読者の声

■再び原発問題

 遅まきながら、原発の防災計画でIAEA(国際原子力機関)の「深層防護」という考え方があることを知った。すなわち、過酷事故から住民への甚大な被害を避けるため、2重3重4重5重の安全対策を講じるということ。その概要は次の通りである。

 第1層は異常状態を防止するための建設・運転・保守の高い品質を確保する設計。第2層は異常運転の検知と制御を確保するための設計。第3層は設計基準内の事故、設計基準を超えた事故の対応、恒設機器による自動対応など。第4層はシビアアクシデント時の施設への対応。第5層は施設外の被害の緩和である。

 第1~第3層は、設計時に配慮すべきこと。
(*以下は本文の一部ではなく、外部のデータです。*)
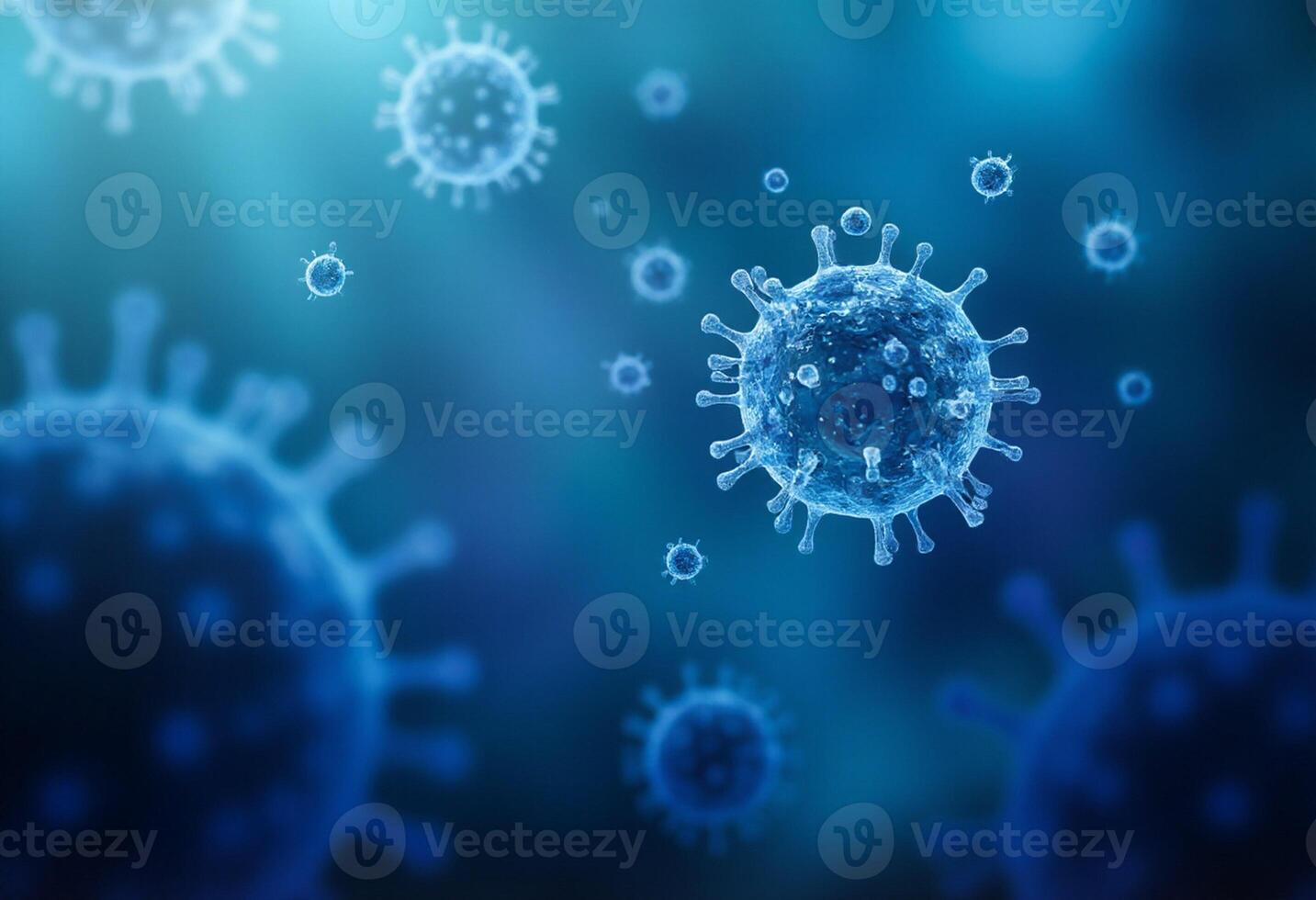 3D Virus Spread on Blue Gradient photo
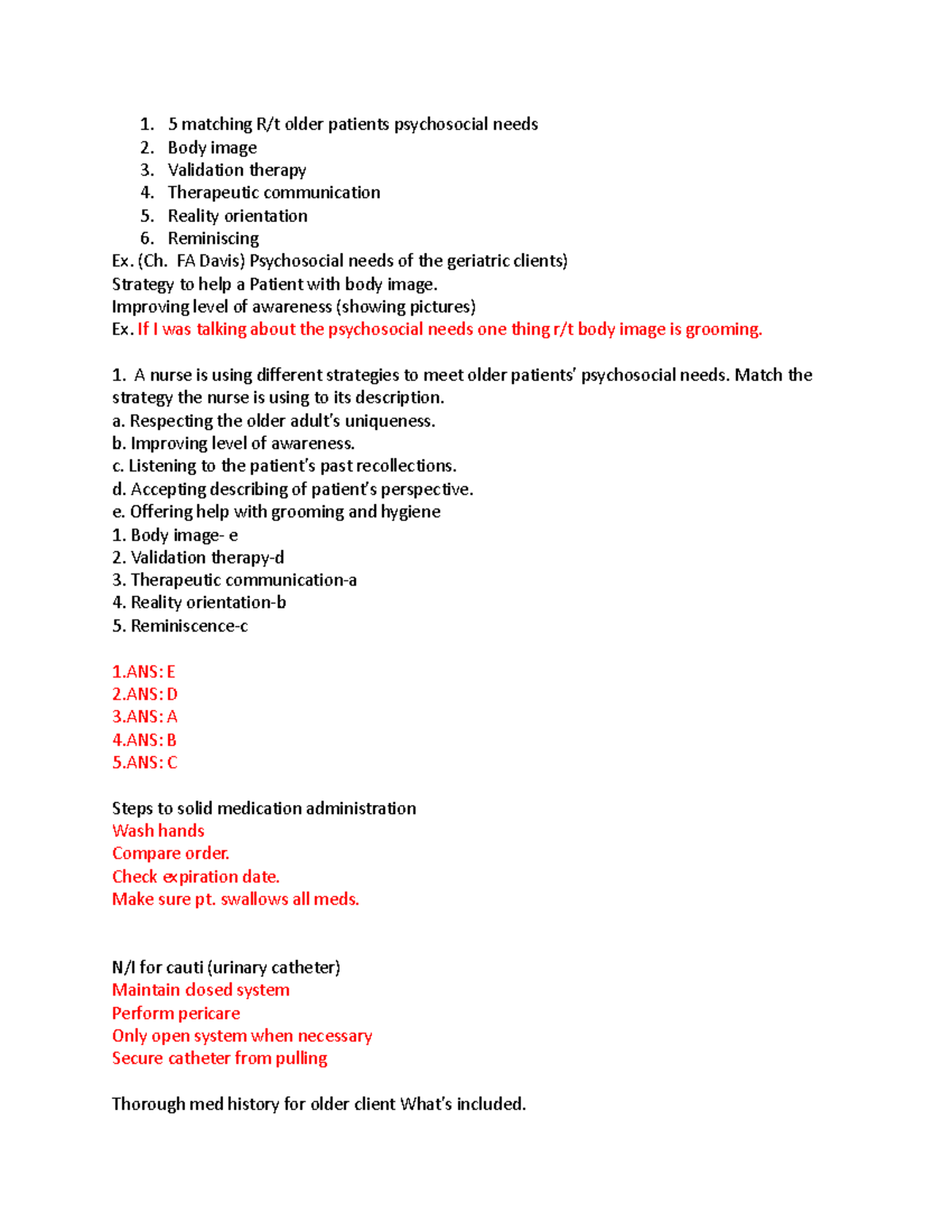 Geri test 2 sg - Used for Geriatrics - 5 matching R/t older patients ...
第4層は、事故時に原発施設内で対応するマネジメント。第5層は、それでも施設外に被害を及ぼす場合に緊急に対応すべきこと。

 日本の原発の現状では、第4層も貧弱である。火災時の消防活動、施設内の消防施設が、地震により配水管破断した場合の対応に地元の消防が対応するにも、地震で道路が寸断されることが想定されていないことがある。

 第5層がさらに問題。そもそも避難計画は規制委員会の所管外とされている。避難路の確保はもちろん、輸送するバスの運転手も、平時から登録される必要がある。放射線に対する対応の事前レクチャー、被害にあった場合の社会補償。これらが完備される必要がある。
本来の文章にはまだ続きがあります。